Olayın özü şu. ABD bölgede politika değişikliği yapmaya karar verdi. Çünkü İran’a artık Şii’ler de katlanamaz durumda. Irak, Lübnan, Yemen ortada… ABD, hedef olarak da elebaşını seçti. Malum öncesinde zaten İran’ın Devrim Muhafızlarını terörist ilan etmişti. “Bu bir mezhep savaşına neden olur.” diyenler var. Neden olsun ki! Zaten en azılı İran Dış Operasyon Şefi öldürüldü.
ABD, tüm dünyaya bir mesaj verdi. İstediğimde, yaparım, en operasyonel adamınız bile olsa istersem öldürürüm.
Olayın Türkiye’nin Suriye ve Irak politikalarına olumlu yansıyacağını değerlendiriyorum. Libya’da İran’ın etkinliği yok zaten.
Türkiye’mize gelince…
Türkiye artık bölgesinde küçük ve orta ölçekli harekât yapacak durumdadır. En büyük eksiği, psikolojik harp/harekât yapacak, gerekirse İran, ABD, İngiltere, Rusya, İran gibi kendi adına vekâlet savaşı yapacak unsurlarının bulunmayışıdır. ÖSO kısmen böyledir. Ama, coğrafyamızın tüm kaos alanlarında ÖKK Unsurları etkinleştirilmelidir. Ayrıca Batı ve Rusya gibi, askeri, güvenlik şirketleri oluşturmalıdır Türkiye. Bunun eğitim yönetim ve standartları da yine devletçe belirlenmelidir. Asgari askerlik eğitimi yapmış personel görevlendirilmelidir. Emekli askeri personelden yararlanılabilir. Ayrıca hükümetler için bu tarz yapılar daha büyük bir inisiyatif ve rahatlıktır.
İran’dan bir misilleme de beklemiyorum. İran’ı bölgede etkinleştiren zaten İngilizler ile ABD’dir.

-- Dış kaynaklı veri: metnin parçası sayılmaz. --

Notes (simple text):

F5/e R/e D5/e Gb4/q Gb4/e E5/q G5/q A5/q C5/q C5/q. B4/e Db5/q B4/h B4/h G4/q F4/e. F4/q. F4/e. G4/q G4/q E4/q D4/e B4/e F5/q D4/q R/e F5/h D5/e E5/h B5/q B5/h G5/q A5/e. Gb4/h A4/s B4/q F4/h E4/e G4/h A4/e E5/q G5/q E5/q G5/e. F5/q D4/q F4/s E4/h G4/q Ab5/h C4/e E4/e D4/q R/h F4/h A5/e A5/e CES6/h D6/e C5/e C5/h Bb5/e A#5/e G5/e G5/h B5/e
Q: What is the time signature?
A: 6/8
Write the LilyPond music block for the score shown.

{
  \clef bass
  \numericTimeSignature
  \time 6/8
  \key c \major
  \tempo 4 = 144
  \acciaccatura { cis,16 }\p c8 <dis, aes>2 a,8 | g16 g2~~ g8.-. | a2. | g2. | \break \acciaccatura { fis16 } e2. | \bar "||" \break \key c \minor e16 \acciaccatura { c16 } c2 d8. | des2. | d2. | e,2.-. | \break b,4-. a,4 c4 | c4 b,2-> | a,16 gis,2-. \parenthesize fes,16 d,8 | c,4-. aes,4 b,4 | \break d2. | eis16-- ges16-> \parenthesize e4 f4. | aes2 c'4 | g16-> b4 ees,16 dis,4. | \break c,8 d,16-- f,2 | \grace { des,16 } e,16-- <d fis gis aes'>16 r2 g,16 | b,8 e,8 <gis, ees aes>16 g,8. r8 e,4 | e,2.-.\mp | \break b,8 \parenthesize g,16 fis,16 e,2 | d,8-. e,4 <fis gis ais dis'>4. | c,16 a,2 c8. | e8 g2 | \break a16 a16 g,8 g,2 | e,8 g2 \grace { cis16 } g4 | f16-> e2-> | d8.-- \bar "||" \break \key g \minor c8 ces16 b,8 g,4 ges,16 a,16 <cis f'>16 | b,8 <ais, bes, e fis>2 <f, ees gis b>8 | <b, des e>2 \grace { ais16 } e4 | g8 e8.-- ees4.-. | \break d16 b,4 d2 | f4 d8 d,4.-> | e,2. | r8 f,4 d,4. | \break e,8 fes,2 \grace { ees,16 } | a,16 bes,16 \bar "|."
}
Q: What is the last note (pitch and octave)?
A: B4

Şu da soruldu? “İran’ın Kasım SÜLEYMANİ gibi ülke menfaatlerinin fedaisi adamları var da bizim yok mu?” Elbette var. Hem de eğitimlileri var. Düşünün Harp Okulu mezunu, Komando Kurslarını SAT, SAS Kurslarını bitirmiş, Paraşütçü, GNH Kursu görmüş yiğit Anadolu Evlatları var. Ancak bunları kim etkinleştirecek? Bir çivi gibi aynı bölgelerde ve görev tiplerinde tayin ederek çivi gibi o bölgeye ve işe adamı çakacak irade? İ. Metin TEMEL Paşa’mı vicdanlara hatırlatıyorum. FETÖ hainlerinin bozuk para gibi harcadığı askeri personeli vicdanlarımıza bir kez daha sokuyorum. FETÖ binlerce insanımızı harcarken biz ne yaptık? Bakın Mavi Vatan’ı gözümüze sokan amiralimizi düşünün. FETÖ Mağduru.. Arınç Suikastı diye mağdur edilen subaylarımızı, evine bomba konan, sonra da bulundu diye işlem yapılan insanımızı düşünelim…
“Büyük Güç olma yolunda yürüyen Yüce Devletimize, Kahramanca tankların önüne çıkan, uçakların attığı bombalara aldırmayan Yiğit Milletimize layık mıyız? Hizmet edebiliyor muyuz? Tüyü bitmemiş yetim hakkından aldığımız maaşı hak ediyor muyuz?” diye kendisini sürekli sorgulayacak devlet ricaline her zamankinden çok ihtiyacımız var. Hele de ülkemizin başında dimdik duran bir Lider varken, “Biz bu seli çoğaltıyor muyuz, yoksa yük olup zarar mı veriyoruz?” diye hepimiz düşünmeliyiz.